Kontrollierte Sprengung

In der Hauptstadt Colombo sprengte die Polizei kontrolliert einen verdächtigen Motorroller, der neben dem beliebten Savoy-Kino abgestellt war. Es sei kein Sprengstoff gefunden worden.

Die Regierung räumte unterdessen Versäumnisse ein. "Es gab einen großer Fehler bei der Weitergabe von Geheimdienstinformationen", sagte der stellvertretende Verteidigungsminister Ruwan Wijewardene. "Dafür müssen wir die Verantwortung übernehmen."

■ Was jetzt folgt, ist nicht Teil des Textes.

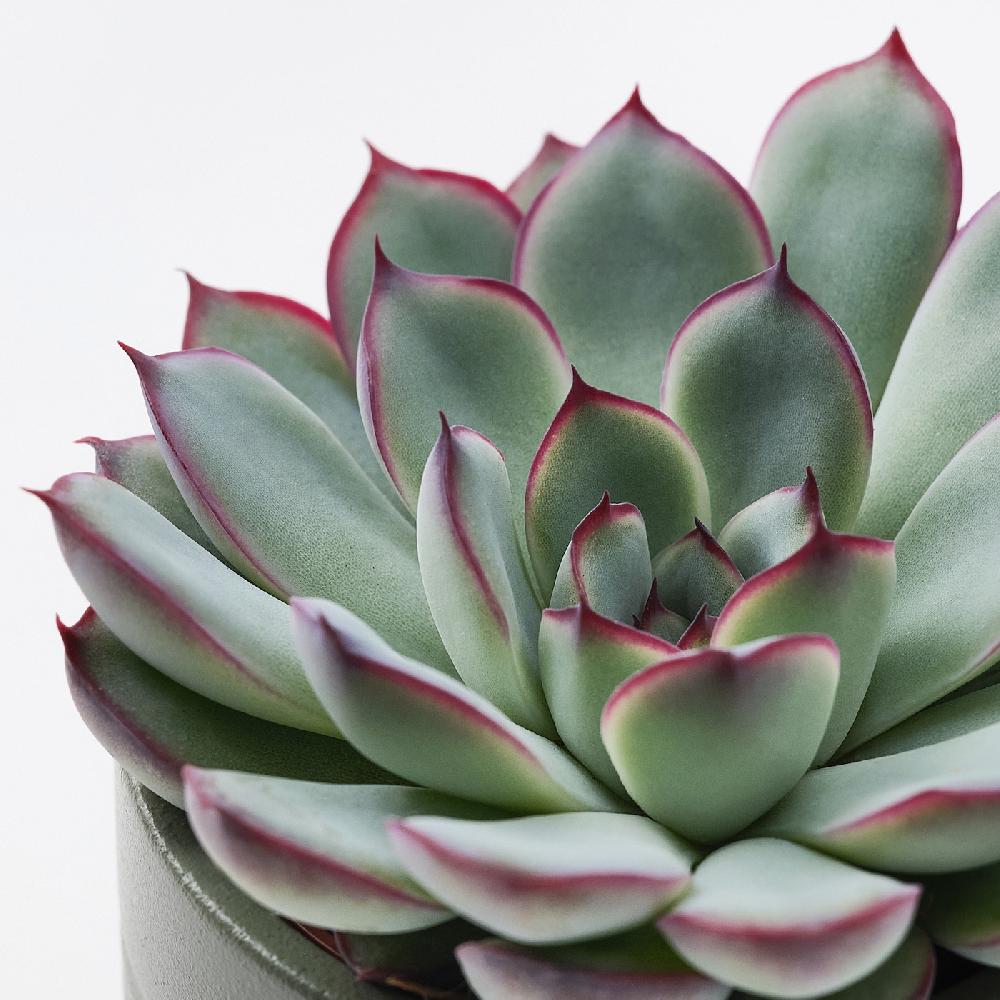IKEA SUCCULENT Pflanze mit Übertopf Sukkulente versch. Farben 6 cm Letzter Tag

In Behördenkreisen hieß es, Indien habe den Geheimdienst Stunden vor den Anschlägen vor islamistischen Angriffen gewarnt. Es blieb zunächst unklar, ob und in welcher Form die Behörden daraufhin handelten. Parlamentspräsident Lakshman Kiriella beschuldigte hochrangige Vertreter des Geheimdienstes, Anschlagswarnungen absichtlich geheimgehalten zu haben. "Es gab Informationen, aber die obersten Vertreter der Sicherheitsbehörden haben nicht angemessen gehandelt", sagte er. Ein indischer Geheimdienst habe Sri Lanka bereits am 4. April vor möglicherweise drohenden Selbstmordanschlägen auf Kirchen, Hotels und Politiker gewarnt. Am 7. April habe es dann eine Sitzung des Sicherheitsrates unter dem Vorsitz von Präsident Maithripala Sirisena gegeben. Die Informationen seien aber nicht weiter verbreitet worden. "Der Sicherheitsrat macht Politik. Wir müssen das untersuchen", sagte der Parlamentspräsident.

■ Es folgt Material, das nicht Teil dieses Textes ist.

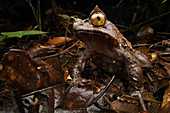 Kobayashi-Hornfrosch (Megophrys kobayashii), Nationalpark Kinabalu, Sabah, Malaysia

Umstrukturierung der Sicherheitskräfte

Sirisena, der zugleich Verteidigungsminister ist, kündigte am Dienstag eine völlige Umstrukturierung der Sicherheitskräfte und der Polizei an. Er hoffe, dass "wesentliche Veränderungen an der Spitze der Sicherheitskräfte innerhalb der nächsten 24 Stunden" möglich seien.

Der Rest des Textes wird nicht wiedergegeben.